Nothing happens after that. She devotes pages talking about the disconnect she feels from her mother, the countless ways her mother disappointed her and the recent death of her fiance. She also mentions the therapy sessions she had to endure as a child, but no action ever really takes place in the story.
Even in memoirs, there needs to be some form of action happening in the plot to keep readers hooked. This book simply fails in this area, leaving the reader begging for more from the characters and plots. I felt like the author was holding back a lot in the story and trying to stay detached and in doing so, it affected her writing on a large scale.
Speaking of characters, I was so disconnected from Liz, that upon writing this review I had to search her name multiple times for remembering it. I found her character stale, unrelatable, and unrealistic, as well as many of the other characters in the story. The strange thing is, I know people in real life who act just like these characters. I felt it should've been easy to connect to them, but that wasn’t the case.
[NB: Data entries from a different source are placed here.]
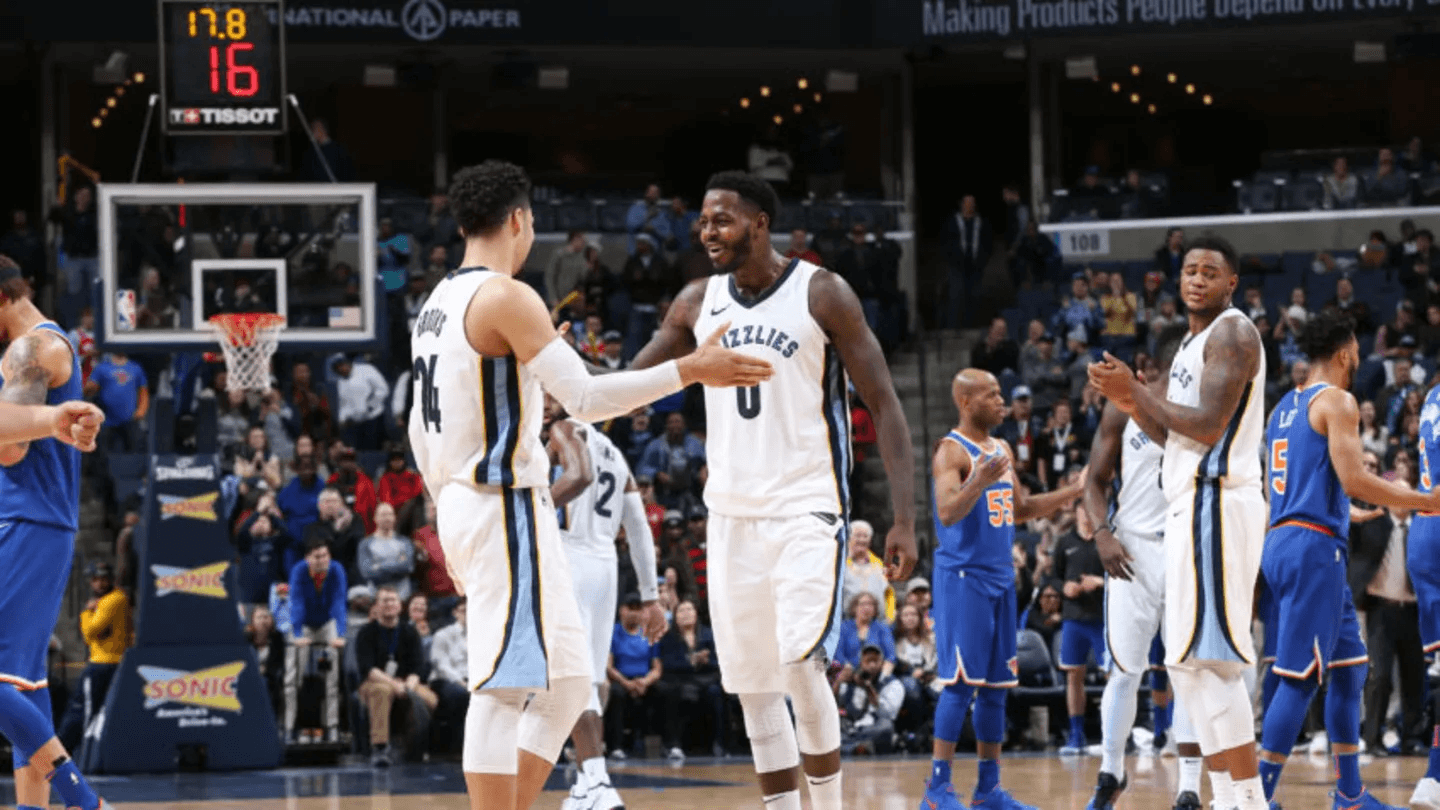 Memphis Grizzlies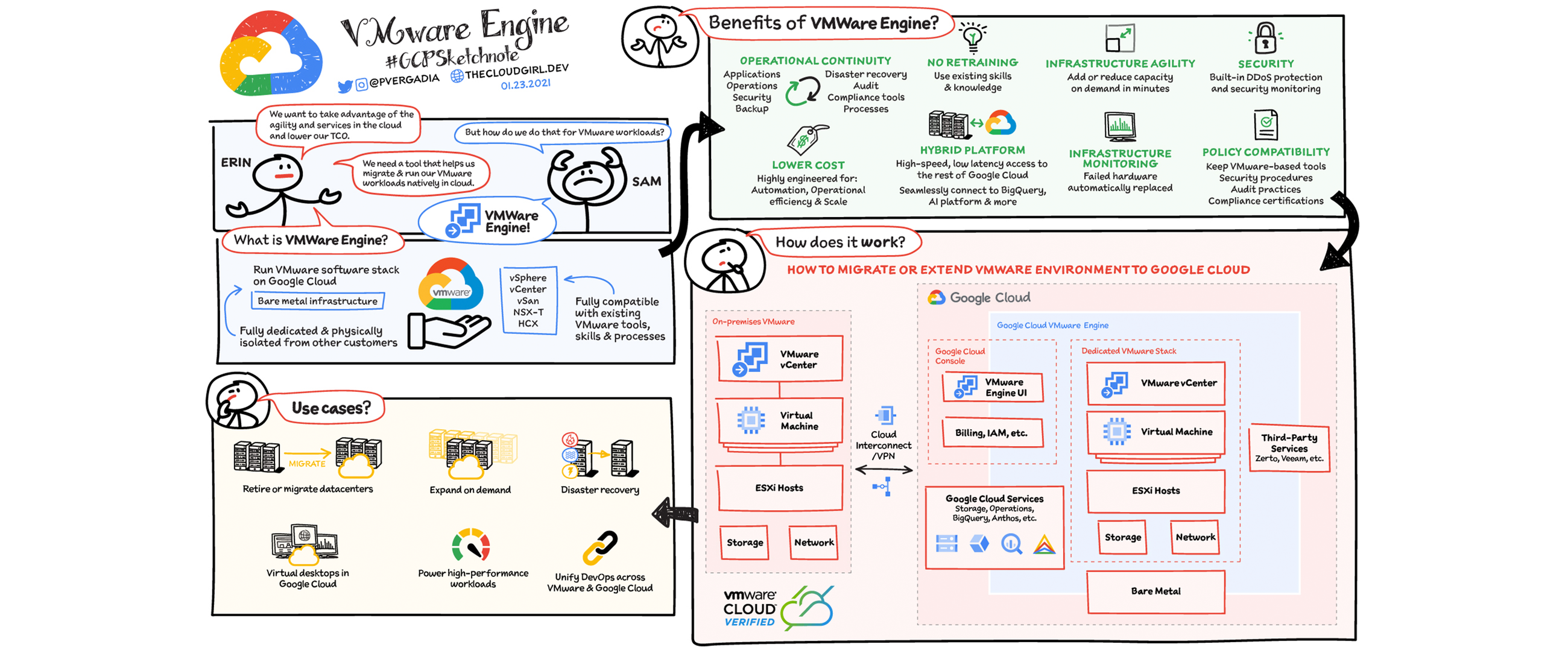 The definitive cheat sheet for Google Cloud products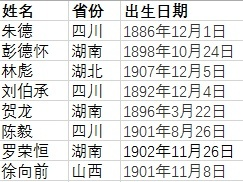 最强快捷键：Ctrl+E的基础用法介绍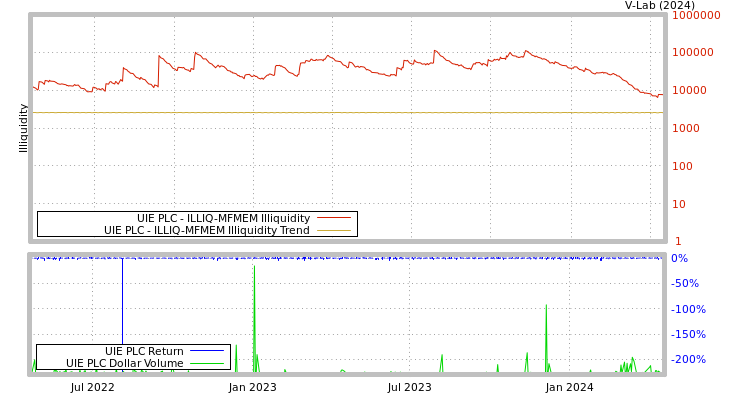 graph of UIE PLC ILLIQ-MFMEM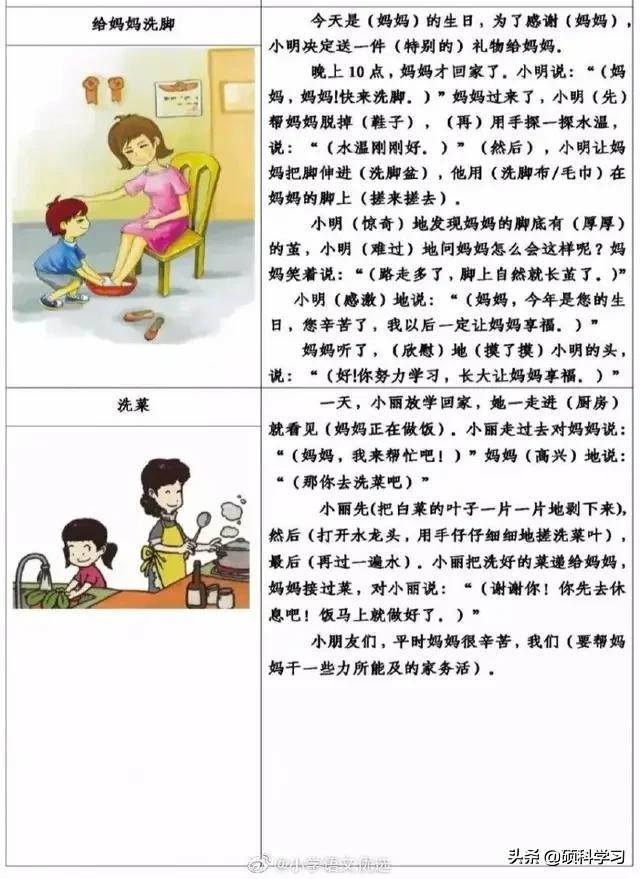 看图写话睡前讲故事怎样写,儿童睡前小故事二年级看图写话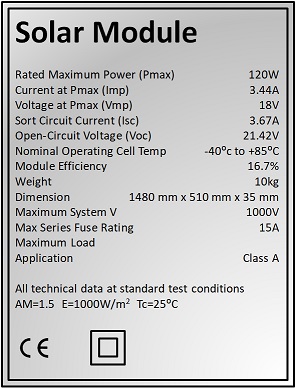 Temperature Effects On Solar Panel Efficiency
On the other hand, the grammar was well done and I didn’t notice any massive errors in the text. The format was simple and the style was solid, so on that, the author did a great job. Other than that however, the book doesn’t really stand out. I was excited to read this book and perhaps got my expectations up a little too much, because the book just fell short of almost everything.
For these reasons I would have to rate the book a 1 out of 4 stars. Adult women who enjoy memoirs or books like The Bell Jar might find this book interesting, but men and young adults will probably not enjoy this book if you’re looking for something exciting. I would not recommend this to anyone younger than a senior in high school.